Portfolio manager Chris Blumas has one piece of advice for investors wondering whether now’s a good time to be wading into the Canadian tech space with a name like Constellation Software (Constellation Software Stock Quote, Charts, News, Analysts, Financials TSX:CSU): just buy it.
“You don’t get an opportunity to buy this one very often. It’s very well known and it usually trades at a very high multiple,” said Blumas, portfolio manager at Raymond James Investment Counsel, who in a segment on BNN Bloomberg on Wednesday nominated Constellation Software as one of his three top picks for the 12 months ahead.
With the continuing dislike in the markets for tech and growth stocks, Constellation is one of a number of companies seeing their share price drop substantially this year. Unlike some, CSU survived the earlier days of the market’s rotation away from purportedly riskier ends of the investment spectrum, with the stock staying relatively flat between last November and April of this year. But the past half-year has been tough on Constellation, which is down about 18 per cent since mid-April and down about 22 per cent year-to-date.
Operationally, Constellation appears to be running smoothly, growing its revenue by 30 per cent year-over-year in its most recent quarter, the company’s Q2, delivered in early August, with net income up 43 per cent to $126 million or $5.94 per diluted share.
And as a serial acquirer of niche vertical software businesses, Constellation keeps growing its stable of companies, having spent about a billion dollars over the Q2 on acquisitions. That’s higher than its recent average — the company spent $1.5 billion on acquisitions in all of 2021, for example — but it likely in part reflects an attractive buyer’s market for companies with the available cash to scoop up businesses at a lower valuation during the currently challenging macroeconomic environment.
For Blumas, Constellation is attractive because its M&A model is more risk-averse than most growth-by-acquisition stories out there.
“Constellation is a software consolidator, and they have two big unique advantages that other companies don’t have. They have this infrastructure that allows them to do small acquisitions — and these acquisitions they do are typically $5 and $10 million software companies and they’ve done hundreds of acquisitions over the years,” he said.
“[Secondly], on their capital allocation framework, it’s a cash flow compounder. There’s really nothing like this out there, because as they do acquisitions and by the law of large numbers, most companies have to target bigger deals, [but] Constellation has made a deliberate attempt to stay true to what they do and focus on inefficient markets. So, they’ve built out that infrastructure to keep doing small deals,” he said.
Blumas said Constellation also has the benefit of having grouped their businesses into separate units, each with its own M&A program, which cuts down on risk to the whole company.
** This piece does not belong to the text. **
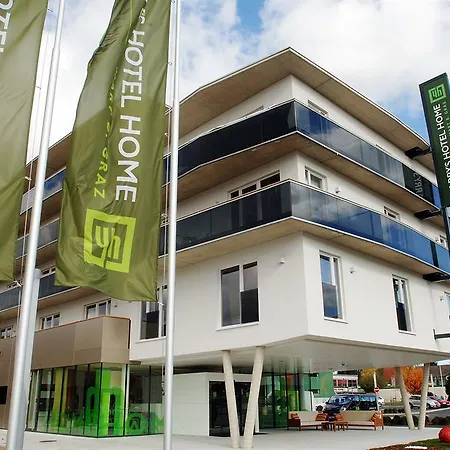 Hotel Harry's Hart Bei &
He compares Constellation to another Canadian software name, OpenText, an enterprise information management software company, which recently saw its share price plummet after announcing a multi-billion dollar acquisition, one which could handcuff the company’s growth prospects for a while.
“[Constellation] has been able to keep their growth going, which has been exceptional and it hasn’t slowed down in the company’s history, because they have six mini Constellations under the one umbrella,” Blumas said. “Constellation is a holding company for six independent companies, and these are where the acquisitions take place, and so, the acquisitions and the debt is placed at the operating company level, so it never puts any of the other silos of the holding company at risk. So, in terms of risk management it’s very, very high. And in terms of debt levels, they’re not excessive.”
“OpenText is more reliant on senior management to find deals and do deals whereas for Constellation more depends on its operating subsidiaries,” he said.
Blumas said with the pullback on CSU, the fundamentals are looking great right now, with its free cash flow yield at around four per cent while its price to cash flow is a little under 24x.
“It’s a little bit less of a bargain when compared to [some] other top picks, but I think relative to what it can do for you and the quality of the business, you don’t get a lot of chances to buy this one. I think this is a great opportunity,” he said.